Oaxaca es uno de mis estados favoritos de México. Creo que lo caracteriza la diversidad
: ecosistemas, lenguas, gastronomía, arte y una luenga lista de cosas existentes son prueba de ello. El estado se encuentra colmado de las representaciones culturales -en el sentido amplio de la palabra- más diversas y, en ocasiones, más contrastantes.

En los últimos días he (re)visitado partes del estado y he conocido otras que sólo conocía por referencia. Gracias a mi amigo más antiguo, Manolo, a.k.a. Luis Uribe, conocí Villa de Zaachila -palabra zapoteca que significa “larga hoja de verdolaga”-.

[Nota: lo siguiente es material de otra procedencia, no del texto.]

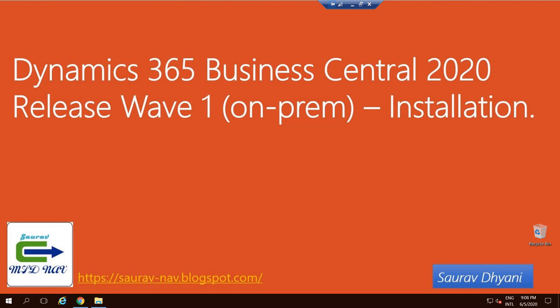Hi all, I hope you're all doing good. In today's video we'll see the installation process for Dynamics 365 Business Central 2020 Release Wave 1, which is also called Business Central 16. So the first thing would be downloading the product DVD.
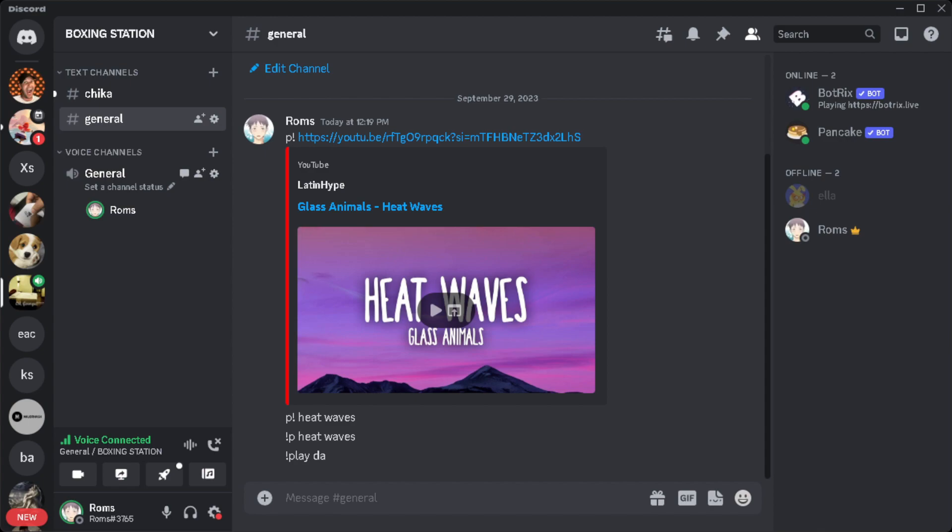The first thing we want to do is open Discord and make sure that we have joined a voice channel, because we can only share our screen when we are inside a voice channel.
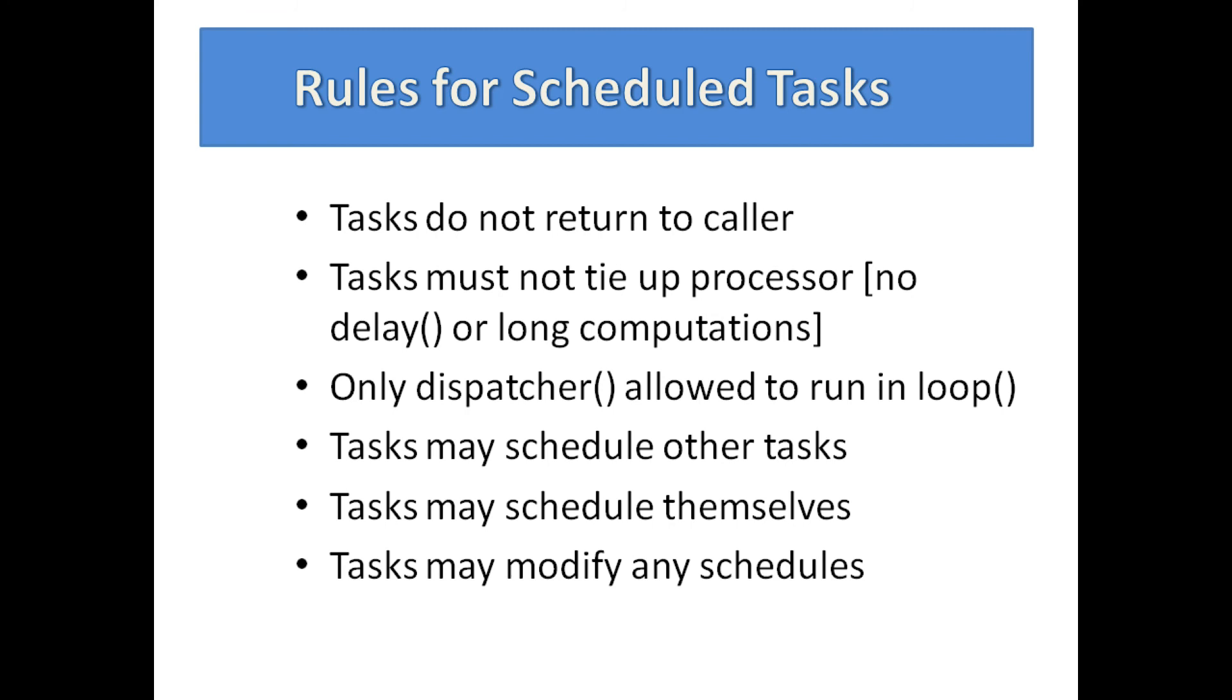By modify, I mean alter the next dispatch time, the period, and or the function to be dispatched. In the case of SchedTaskT, the argument may also be changed on the fly, but not the type of that argument.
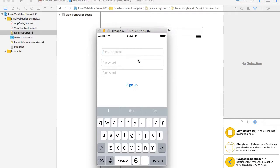In this video I'm going to show you how to implement a very simple email address validation for your registration form, and my example will work this way.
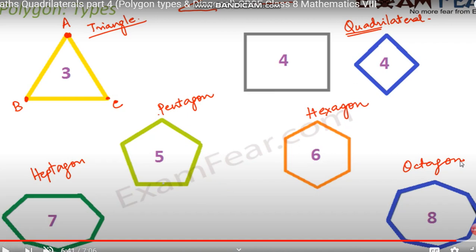I hope you already understand all these things — this is a simple topic. In the next class we will discuss some additional types of polygons and the angles formed by polygons. Let's stop here for today. Thank you.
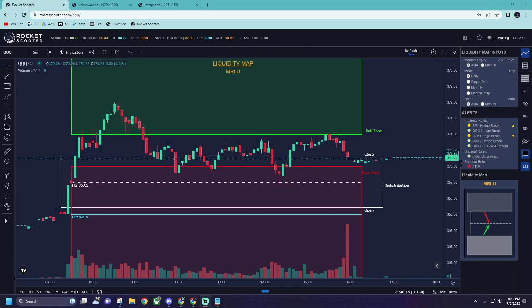Welcome everyone to Banana Bread Trades. My name is Goose and in today's video, by popular request, we are going to be going over the Rocket Scooter app. I've been using Rocket Scooter for probably over four years now, back before it was even called Rocket Scooter when it was just some random guys in a Discord putting a bunch of numbers into an Excel sheet, trying to calculate some random options values. Now the guys have made a full-blown app that plots all the levels onto a chart, and it's incredibly useful. I trade with it every single day and I've gotten to the point where I almost won't trade without it.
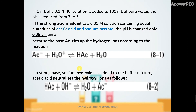Consider 1 mL of 0.1 normal HCl added to 100 mL of pure water. HCl is a strong acid — we cannot use pure water as a buffer. But if we use 0.01 molar acetic acid and sodium acetate, this is a buffer solution. Acetic acid is a weak acid and sodium acetate is the conjugate base of this acid.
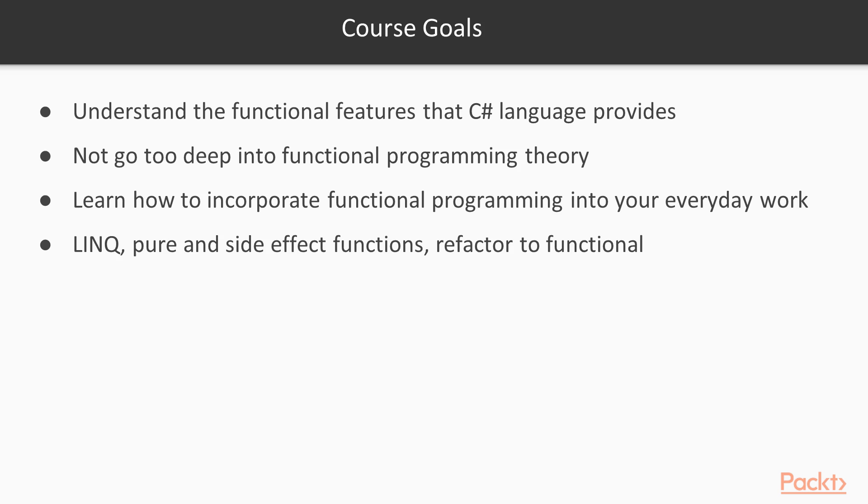By the end of the course, you should be able to use and extend LINQ, understand where pure functions belong and where side effects are required, take regular C-Sharp code and refactor it to use the functional features without breaking it, and making it more readable, testable, and maintainable.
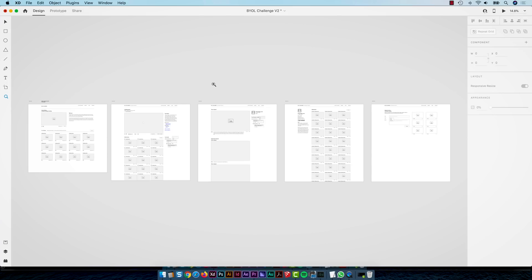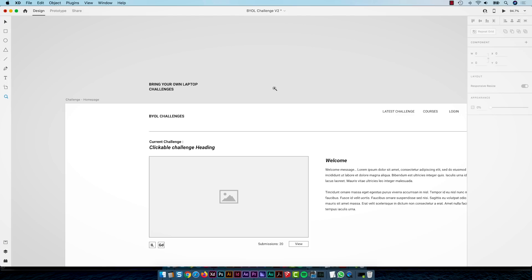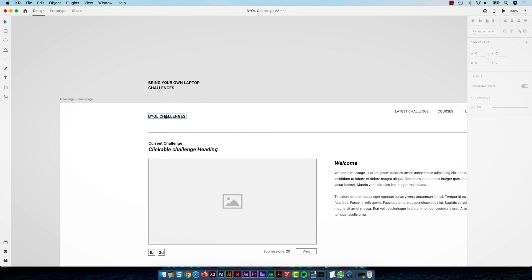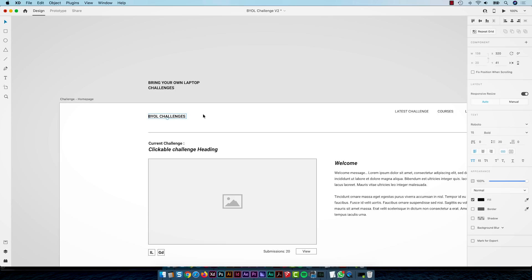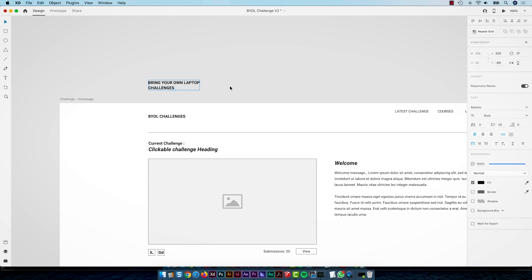So here's the wireframe for the website. The site doesn't exist yet, still kind of building this as we speak. Up here in the top left is where the logo will spend most of its life. And this brings us to our one restriction for this specific challenge: you have to use this text here — BYOL CHALLENGES, with plural. You can either use the acronym version or the longer version, bring your own laptop challenges. So that has to be part of the logo.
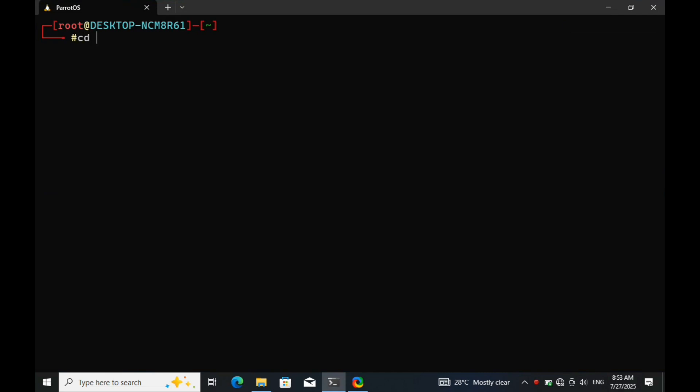All right, we're in the terminal. First, I'm going to navigate into the directory that contains our Bluetooth exploitation tool.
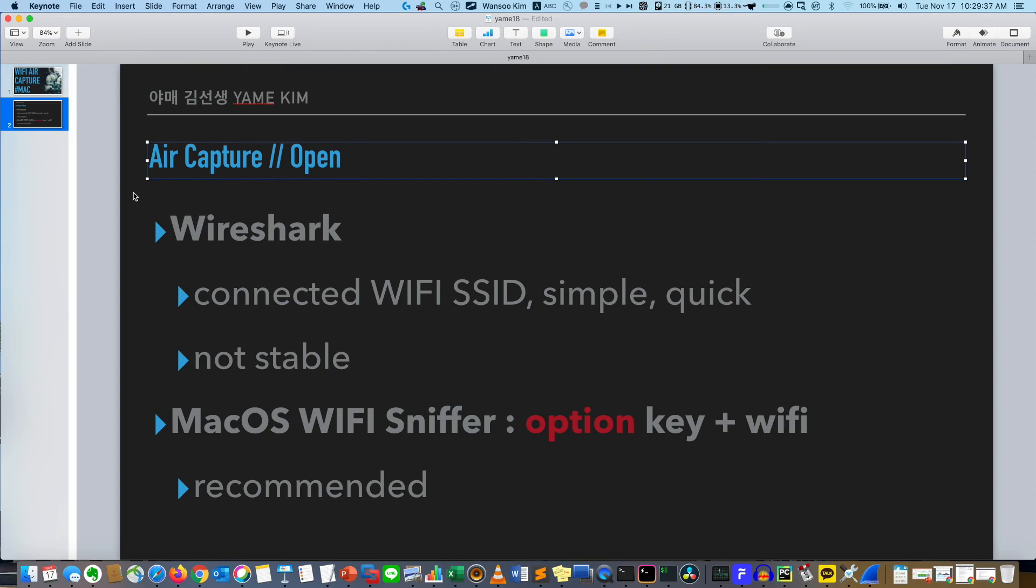Using the MacBook air capture, we can troubleshoot some WiFi issues very easily. Today it was very simple. See you next time, bye bye.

Mientras buscábamos un lugar en donde comer nos encontramos una de las obras del colectivo Nómada. Volteé a la izquierda y le dije a Manolo “No mames, parece de Banksy”. [Sí, sí, ya sé que mi referente fue de lo más malinchista, pero vale madres, así pasó]. Después de ese momento nos hemos topado con muchas otras obras realizadas por diversos colectivos que se dedican al street art. Un street art maduro y elocuente, que alude a diversas temáticas y referentes, pasando por lo local, lo cotidiano, lo indígena, lo prehispánico, lo cristiano, etc. Todo con un lenguaje pictórico contemporáneo, producto de la mezcla de diversos mundos. Un arte callejero que vale la pena ver.

Si no conocen Oaxaca ya es momento de que lo hagan. Sin lugar a dudas se sorprenderán por más de una razón.